In previous articles I have predicted hardening rates in all sectors of the professional indemnity (PI) market. In some areas, such as financial services and surveying, this has already started to happen. The fall out of the pension review process swiftly followed by the current scares over free standing additional voluntary contributions (AVC) and endowments has pushed rates and, perhaps as importantly, excesses, up to levels where the annual renewal constitutes the biggest overhead for many

For chartered surveyors, premiums have fallen steadily since the days of the 1990 property crash when premiums rose to such an extent that they began to affect the very viability of many companies. An underwriter recently told me that the market has failed to make money on the class for all but one of the past 19 years.

Claims from surveys are on the increase and with the current blip in house prices we have started to foresee the spectre of overvaluation claims as negative equity threatens once more. For those firms with a high proportion of survey and valuation work there is little market left and significant rate rises are already occurring.

Brokers have had the advantage of insurers wanting their own PI business as a way of attracting other business that the broker might control. One insurer after another has taken upon itself to woo the broking community with keen rates for their own PI. For a number of years London & Edinburgh (L&E) wrote vast quantities of brokers' own PI at premium levels, which, with the benefit of hindsight, were unsustainable. With the take-over of L&E by Norwich Union (NU) more than a year ago and the almost instantaneous retreat from the market by NU was the start of the trouble. The baton was picked up by St Paul which agreed to “take over” the book and secure cover that was still available at keen rates.

A number of affinity schemes also ran offering cover at unprofitable rates. The simple fact is that brokers' own PI has been underpriced for a number of years. Those brokers with a financial services division might not have noticed this recently but the firms that are predominately personal lines have benefited.

Hardening rates

What we are seeing now, and it has become pronounced in the past few weeks, is that the main players in the market have started displaying symptoms of a hardening market and one that is hardening rapidly. Premiums are increasing while excesses are rising and lines sizes reducing. One major writer has reduced its line from £5m or even £10m to only £1m, therefore there is not only a price rise on the primary layer but the “double whammy” of having to arrange a separate excess layer which is always more expensive than when the carrier could write the whole amount. Increased excesses serve to add to the pain.

So are claims increasing? Dickson Manchester Underwriting places cover for more than 1,000 firms of non-Lloyds brokers and intermediaries and with the obvious exception of financial services, where the claims activity has been ferocious, I do not believe that there has been a dramatic increase in claims activity.

The fact is that brokers, especially those in the commercial sector, will always produce some claims activity.
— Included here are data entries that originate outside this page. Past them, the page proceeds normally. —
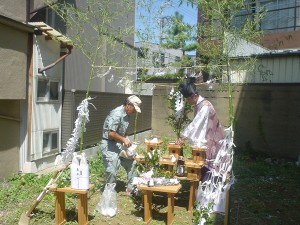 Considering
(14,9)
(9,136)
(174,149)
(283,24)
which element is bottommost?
(174,149)

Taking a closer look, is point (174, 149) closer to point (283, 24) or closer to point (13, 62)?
point (13, 62)

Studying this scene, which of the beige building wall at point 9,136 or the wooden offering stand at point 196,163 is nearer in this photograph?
the wooden offering stand at point 196,163

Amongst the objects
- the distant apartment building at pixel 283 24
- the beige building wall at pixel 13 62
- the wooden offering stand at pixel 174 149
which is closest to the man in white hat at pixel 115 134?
the wooden offering stand at pixel 174 149

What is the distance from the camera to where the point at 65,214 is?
5180 mm

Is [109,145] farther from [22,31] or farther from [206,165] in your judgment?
[22,31]

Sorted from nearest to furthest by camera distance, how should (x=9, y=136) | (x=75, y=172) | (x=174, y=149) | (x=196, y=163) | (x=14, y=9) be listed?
(x=75, y=172) → (x=196, y=163) → (x=174, y=149) → (x=14, y=9) → (x=9, y=136)

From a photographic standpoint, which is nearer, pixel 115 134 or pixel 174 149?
pixel 115 134

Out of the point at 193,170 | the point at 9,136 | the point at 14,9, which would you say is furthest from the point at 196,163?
the point at 14,9

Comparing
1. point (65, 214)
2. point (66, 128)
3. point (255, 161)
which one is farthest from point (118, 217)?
point (255, 161)

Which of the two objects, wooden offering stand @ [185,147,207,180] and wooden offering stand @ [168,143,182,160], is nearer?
wooden offering stand @ [185,147,207,180]

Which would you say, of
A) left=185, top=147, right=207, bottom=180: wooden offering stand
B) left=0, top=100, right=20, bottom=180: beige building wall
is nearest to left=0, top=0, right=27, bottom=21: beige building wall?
left=0, top=100, right=20, bottom=180: beige building wall

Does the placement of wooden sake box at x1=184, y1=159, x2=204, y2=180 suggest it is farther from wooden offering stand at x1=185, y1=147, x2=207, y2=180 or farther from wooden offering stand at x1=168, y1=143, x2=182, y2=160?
wooden offering stand at x1=168, y1=143, x2=182, y2=160

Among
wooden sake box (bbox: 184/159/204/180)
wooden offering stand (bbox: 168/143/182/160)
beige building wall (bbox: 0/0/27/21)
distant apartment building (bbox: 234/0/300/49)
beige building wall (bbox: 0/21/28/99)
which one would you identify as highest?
distant apartment building (bbox: 234/0/300/49)

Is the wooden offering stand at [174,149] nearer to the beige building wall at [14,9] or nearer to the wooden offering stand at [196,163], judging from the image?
the wooden offering stand at [196,163] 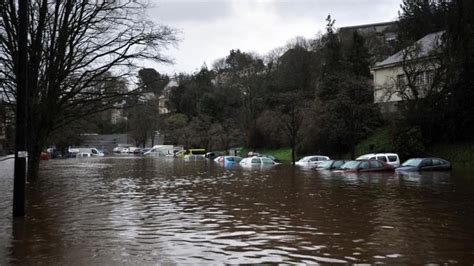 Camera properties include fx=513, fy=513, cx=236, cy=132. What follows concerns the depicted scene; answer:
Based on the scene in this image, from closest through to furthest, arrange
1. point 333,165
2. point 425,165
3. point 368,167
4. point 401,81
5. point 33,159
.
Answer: point 33,159 < point 368,167 < point 425,165 < point 333,165 < point 401,81

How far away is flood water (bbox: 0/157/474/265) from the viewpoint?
8.38 m

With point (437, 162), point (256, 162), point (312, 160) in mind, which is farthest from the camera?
point (256, 162)

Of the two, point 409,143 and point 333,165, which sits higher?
point 409,143

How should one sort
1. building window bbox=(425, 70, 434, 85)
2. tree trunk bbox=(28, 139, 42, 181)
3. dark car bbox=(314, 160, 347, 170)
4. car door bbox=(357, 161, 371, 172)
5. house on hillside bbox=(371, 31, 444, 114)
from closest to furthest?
tree trunk bbox=(28, 139, 42, 181) < car door bbox=(357, 161, 371, 172) < dark car bbox=(314, 160, 347, 170) < house on hillside bbox=(371, 31, 444, 114) < building window bbox=(425, 70, 434, 85)

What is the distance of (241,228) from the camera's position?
11.2 m

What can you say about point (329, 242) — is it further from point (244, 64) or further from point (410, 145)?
point (244, 64)

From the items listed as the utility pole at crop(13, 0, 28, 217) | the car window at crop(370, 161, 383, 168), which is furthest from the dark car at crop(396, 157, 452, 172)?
the utility pole at crop(13, 0, 28, 217)

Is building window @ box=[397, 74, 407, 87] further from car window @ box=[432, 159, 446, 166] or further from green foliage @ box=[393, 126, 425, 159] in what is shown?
car window @ box=[432, 159, 446, 166]

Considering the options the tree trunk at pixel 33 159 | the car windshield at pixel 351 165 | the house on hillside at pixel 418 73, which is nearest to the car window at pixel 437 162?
the car windshield at pixel 351 165

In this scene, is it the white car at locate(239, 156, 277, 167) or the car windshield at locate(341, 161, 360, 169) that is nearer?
the car windshield at locate(341, 161, 360, 169)

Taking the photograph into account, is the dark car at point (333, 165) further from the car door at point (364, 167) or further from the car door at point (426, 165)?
the car door at point (426, 165)

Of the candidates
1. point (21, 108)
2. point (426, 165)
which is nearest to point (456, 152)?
point (426, 165)

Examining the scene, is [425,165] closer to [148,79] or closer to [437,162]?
[437,162]

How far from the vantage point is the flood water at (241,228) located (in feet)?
27.5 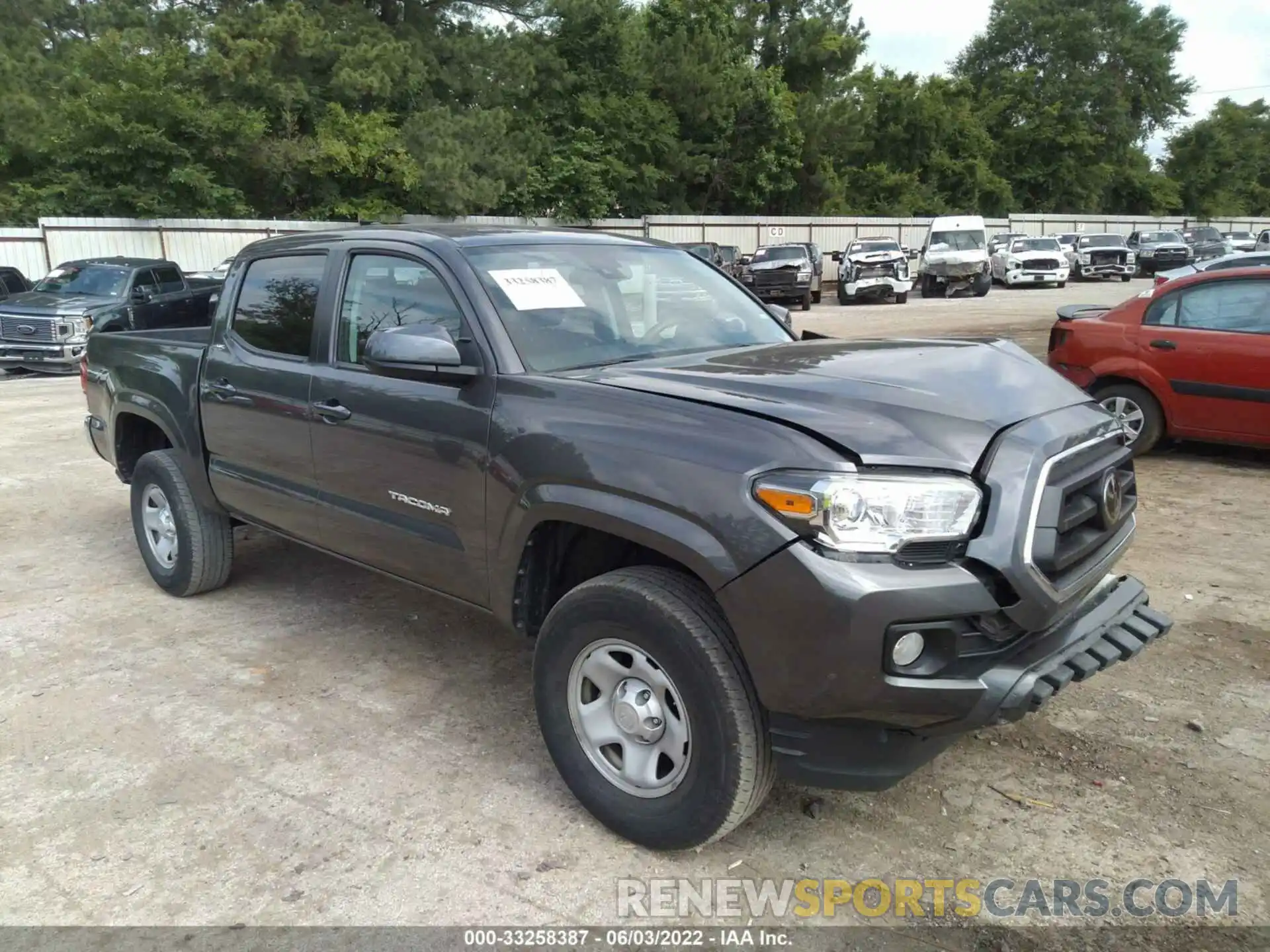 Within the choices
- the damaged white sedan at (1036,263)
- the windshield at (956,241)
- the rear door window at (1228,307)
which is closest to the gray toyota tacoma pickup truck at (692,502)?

It is well known that in times of economic downturn claims activity against brokers does increase. Brokers, in my opinion are getting better: they are better trained, better supported by IT and, one hopes, better regulated (although the jury is still out on that one).

I think that premium levels have simply sunk too low to deal with the normal level of claims.

One insurer confided to me that its book of general brokers was performing worse than its book of financial services risks and it has signifi-cant books of both.

While it is not my field, I understand that re-insurance will be in short supply next year and this will fuel the increases.

So how does a broker, looking to renew his policy in the next 12 months, approach this problem?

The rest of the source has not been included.